*SUPPLIED RECORDS*.
※ ※ ※

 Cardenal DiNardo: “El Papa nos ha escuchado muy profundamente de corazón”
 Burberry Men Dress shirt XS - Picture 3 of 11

※ ※ ※

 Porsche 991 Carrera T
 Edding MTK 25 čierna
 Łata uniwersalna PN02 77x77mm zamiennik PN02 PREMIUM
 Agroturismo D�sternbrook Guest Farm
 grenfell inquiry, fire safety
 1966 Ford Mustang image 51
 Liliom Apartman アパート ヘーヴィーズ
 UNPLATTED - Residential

※ ※ ※

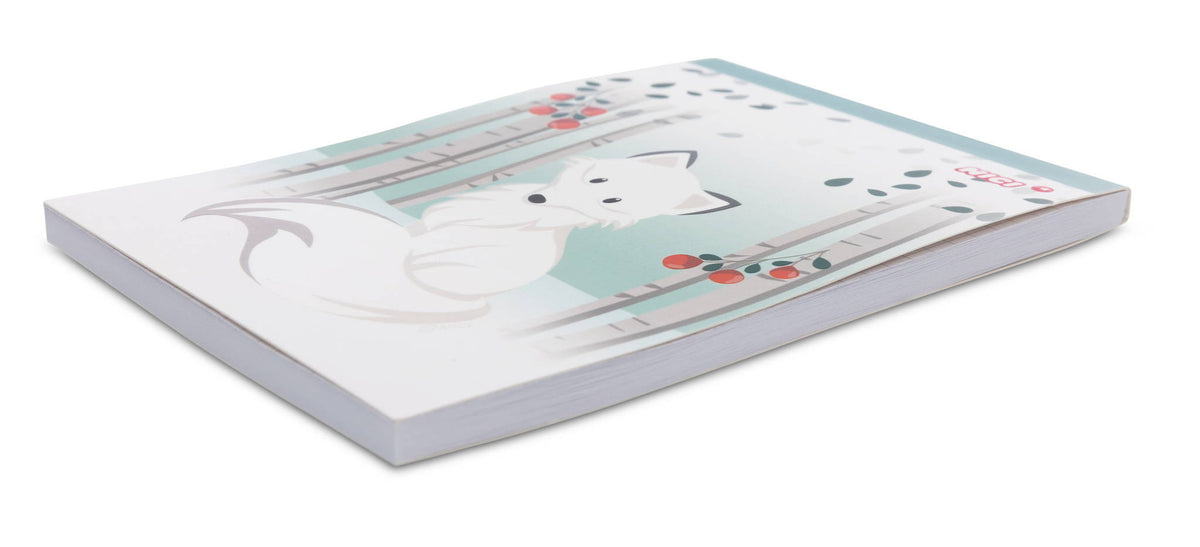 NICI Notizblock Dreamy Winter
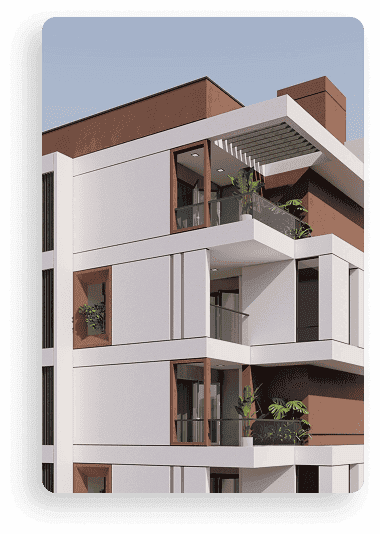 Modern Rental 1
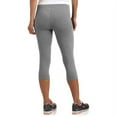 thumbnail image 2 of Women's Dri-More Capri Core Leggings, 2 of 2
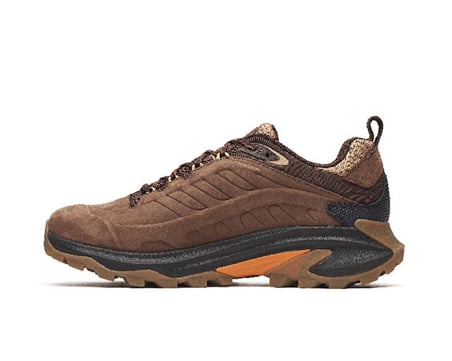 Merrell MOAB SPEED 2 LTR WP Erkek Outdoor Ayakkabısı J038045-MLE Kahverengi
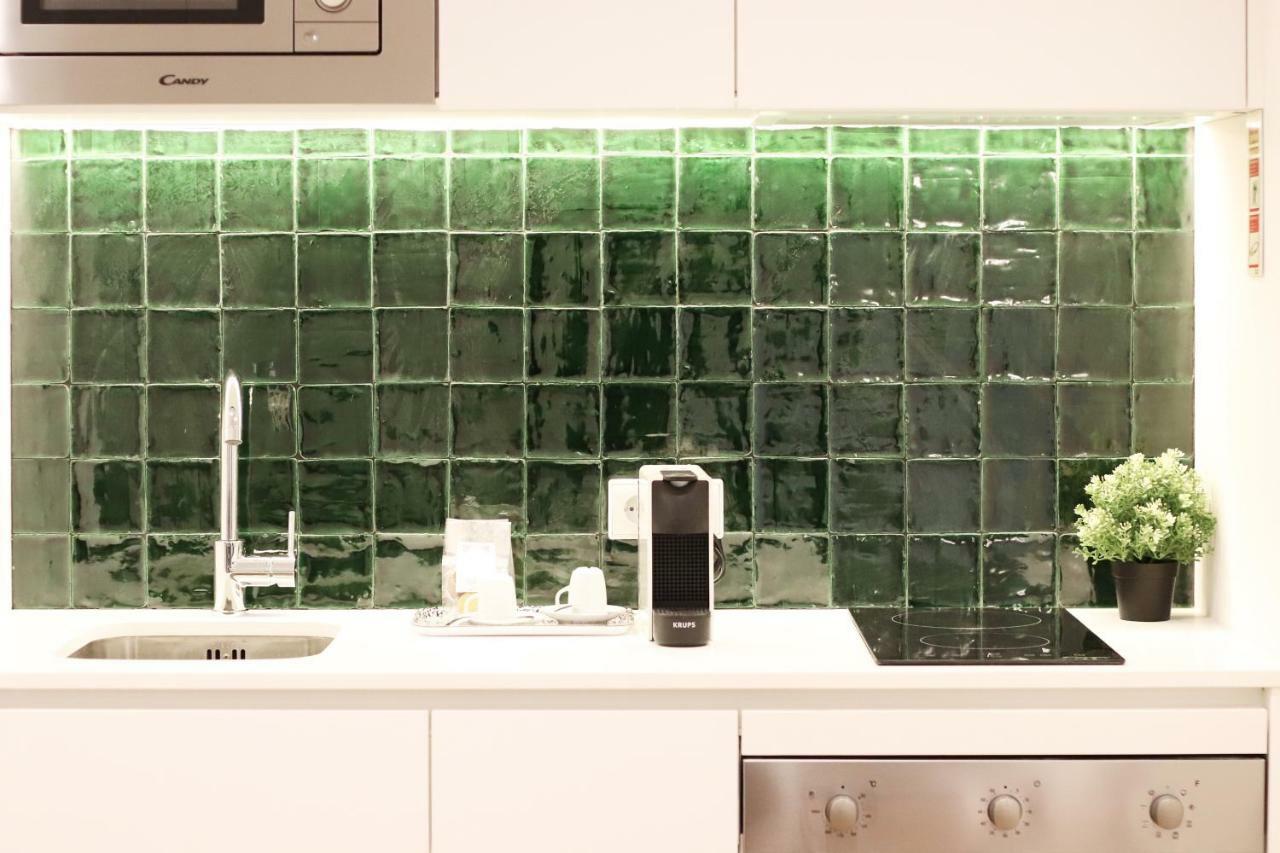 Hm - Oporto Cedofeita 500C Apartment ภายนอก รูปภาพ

※ ※ ※

*GOAL OF THE EXERCISE*. The stretch to restate runs from the line above containing "Modern Rental 1" through the line containing "Hm - Oporto". Copy it word for word, ends included, without pictures.

*YOUR RESPONSE*.
 Modern Rental 1
 thumbnail image 2 of Women's Dri-More Capri Core Leggings, 2 of 2
 Merrell MOAB SPEED 2 LTR WP Erkek Outdoor Ayakkabısı J038045-MLE Kahverengi
 Hm - Oporto Cedofeita 500C Apartment ภายนอก รูปภาพ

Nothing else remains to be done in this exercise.